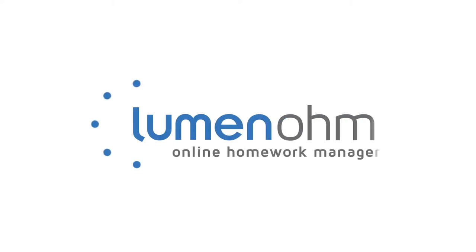In this video, we will learn how to upgrade our existing course to the new assessment player.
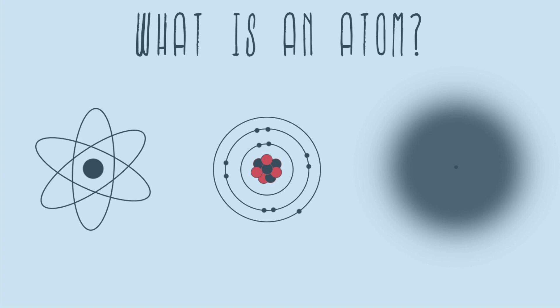All right, what is an atom? So obviously an important question to answer if we're going to be taking chemistry.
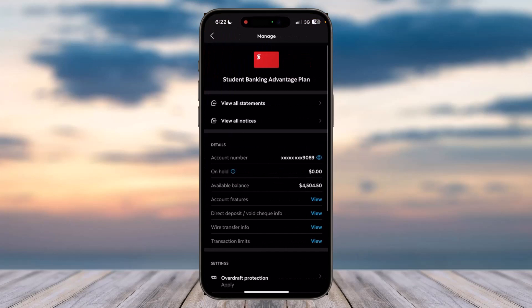After that, under Details, you can see the various options such as account number, on hold, available balance, account features, direct deposit, wire transfer info, and transaction limits. Now, since we are here to find our account number,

## What you should do
Ignore the images and quote every line of the listing exactly.

## Response to the task
In this video, we will learn how to upgrade our existing course to the new assessment player.
All right, what is an atom? So obviously an important question to answer if we're going to be taking chemistry.
After that, under Details, you can see the various options such as account number, on hold, available balance, account features, direct deposit, wire transfer info, and transaction limits. Now, since we are here to find our account number,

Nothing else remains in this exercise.